Perhaps recognizing this, the designers split Blacklist’s multiplayer missions into batches of three or four, with each set assigned by a different member of your Fourth Echelon team and reflecting that person’s play style. Charlie’s quartet of scenarios are a Horde mode in which you must survive wave after wave of progressively more difficult opponents, while Grim’s ops are pure ghost jobs that are failed if you’re spotted. I much prefer the latter myself, though I appreciate the variety. Even the Charlie missions are a hoot to tackle in different ways – non-lethally one time, then guns-blazing another. The only mission that falls flat is the second of Briggs’ set, which devolves into an exact rip-off of Call of Duty: Modern Warfare 2’s classic AC-130 Spec Ops mission where one player rains missiles from above and the other tries to survive on the ground. We’ve just seen that one too many times, and it’s a misfit in a game that’s supposed to be about stealth.

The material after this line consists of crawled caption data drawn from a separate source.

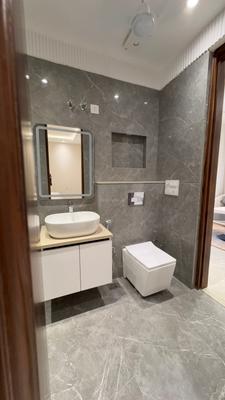 Image of 2450 Sq.ft 4 BHK Builder Floor for sale in Laburnum Victory Floors 88A, Sector 88A, Gurgaon for Rs. 30500000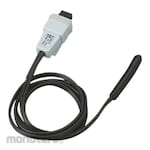 CHINO Card Logger External Temperature Sensor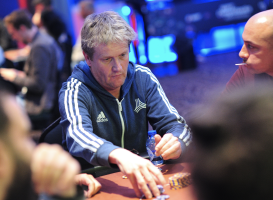 WPTDS Amsterdam Alberto Stegeman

It’s the long-awaited comeback of asymmetrical multiplayer mode Spies vs. Mercs – last seen in 2006's Double Agent – that’s likely to be the most enduring portion of the powerful Blacklist package. It pits Fisher-esque spies (playing in third-person view) against slower, well-armed Mercenaries (playing in first-person). In both the 2v2 Classic mode that mimics the original Pandora Tomorrow mode as much as possible and the new 4v4 Blacklist version (that adds customizable loadouts) the cat-and-mouse battles between the diametrically opposed classes makes for some of the freshest multiplayer in gaming today. You’re wholly dependent on your partner in Classic, though the larger player groups in Blacklist mode invite welcome chaos as the spies try to hack the terminal and the mercs try to stop them.

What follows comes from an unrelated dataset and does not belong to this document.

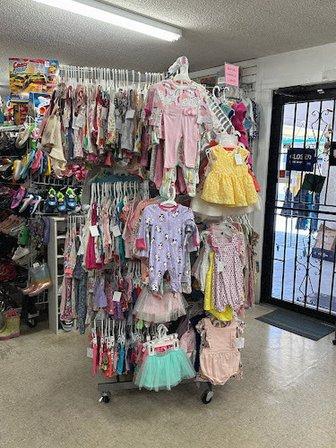 AdoraBles Resale/Rentals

All in all, though, the new Spies vs. Mercs is not quite as good as its progenitor because it lacks some of the more inventive features. For instance, neither team has gadgets that enable them to listen in on the voice chatter of their rivals, nor can the spies grab mercs from behind and taunt them over the mic, but it’s an impressive modernization. It plays much faster than ever – spies can slit the throats of their foes with a run-by tap of the X button, for example – and most if its game modes are home runs. Team Deathmatch is the exception to that. It allows you to have spies and mercs on the same team, but it’s both unappealing and confusing since you’ll have a tough time deciphering who’s a friend and who’s a foe. Uplink, on the other hand, is where the mixed teams shine, as tug-of-war control points organically funnel all of the action to one hotspot, and here cooperation between classes allow for more creative and intelligent strategies. I’m going to be playing this for weeks, if not months, just as I did in Pandora Tomorrow and Chaos Theory.

The Verdict

Splinter Cell: Blacklist is a sweet middle ground between the Panther-like action of Conviction and the Ghost-like stealth of Chaos Theory. The delightful improbable success of this compromise is a testament to game design that always has choice in mind. It’s well worth replaying the campaign with an alternate playstyle, a different set of preferred gadgets, and/or on Perfectionist mode. And, like the series’ Chaos Theory peak it can’t help but be compared to, Blacklist’s also packing a pair of multiplayer modes that could stand proudly on their own. Splinter Cell is back on the right shadowy track.

9.2

Amazing

Multiple-choice gameplay rooted in stealth plus co-op and the return of Spies vs. Mercs make Blacklist a great package.